*** Dataset section Section Begins ***

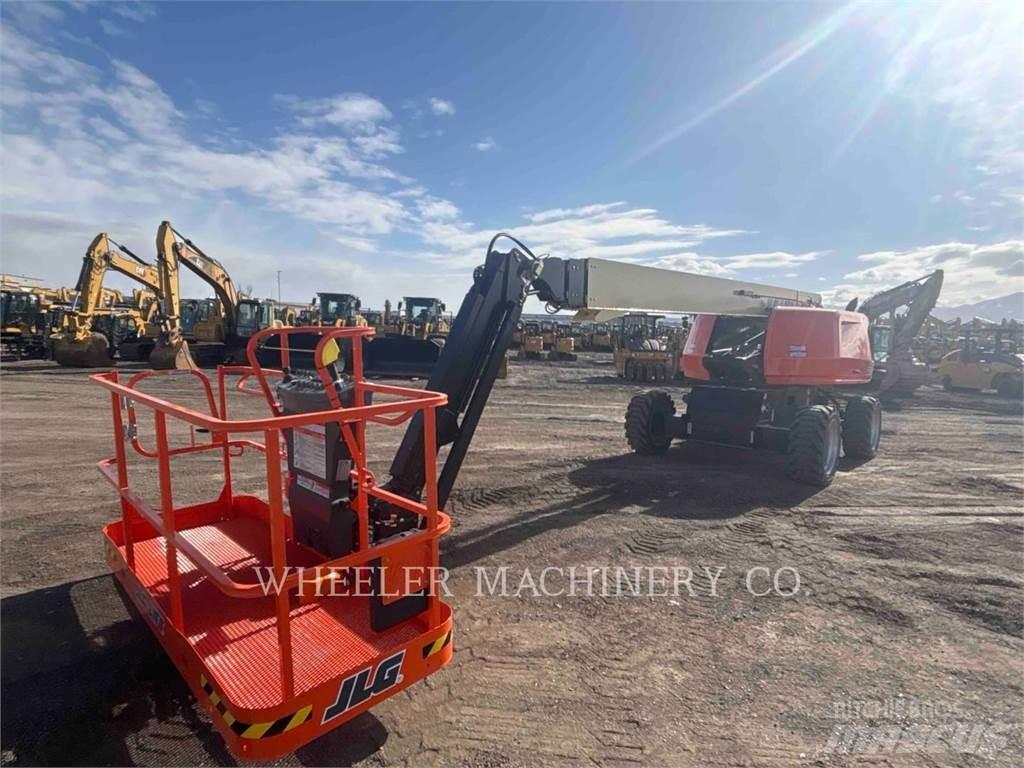 JLG 660SJ 曲臂高空作業車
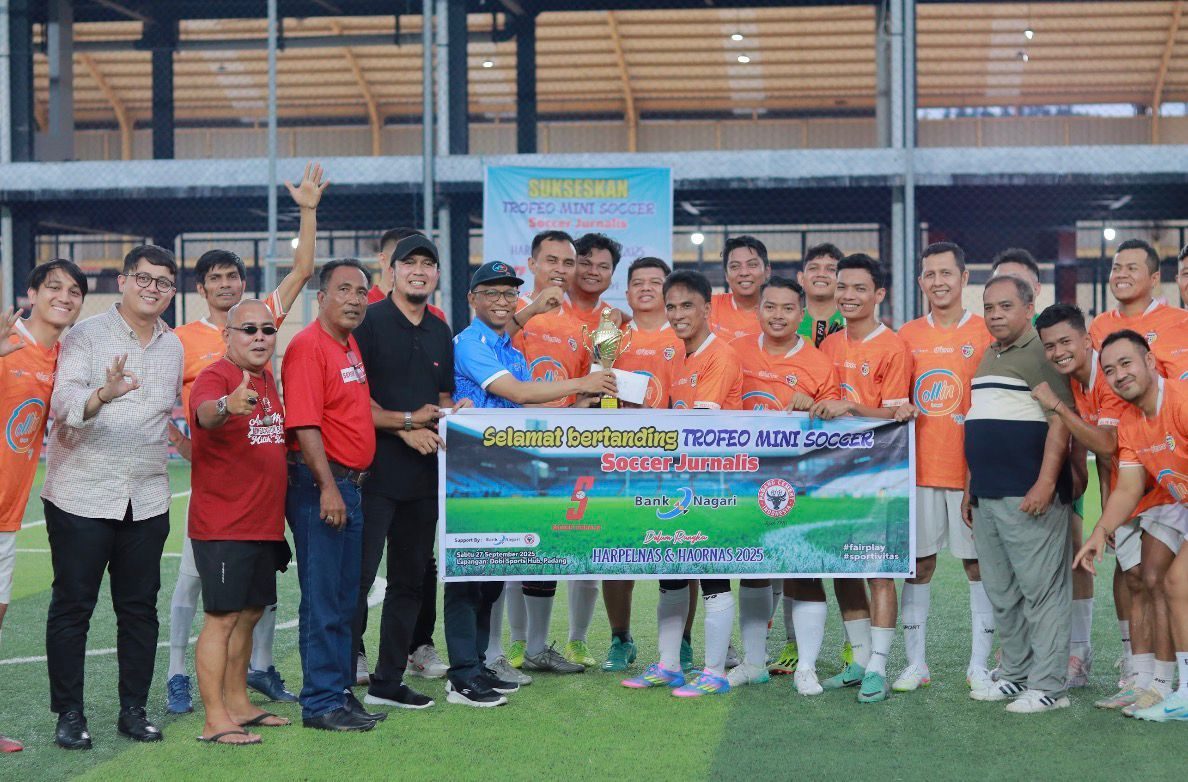bank-nagari-raih-juara-satu-trofeo-soccer-jurnalis
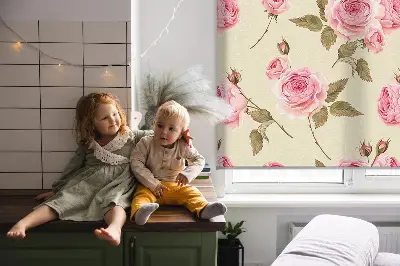 Rollo mit Rosenmotiv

*** Dataset section Section Ends ***

What you have to do: Where pictures appear, skip them and transcribe all other material word for word.

Solution for this problem:
 JLG 660SJ 曲臂高空作業車
bank-nagari-raih-juara-satu-trofeo-soccer-jurnalis
 Rollo mit Rosenmotiv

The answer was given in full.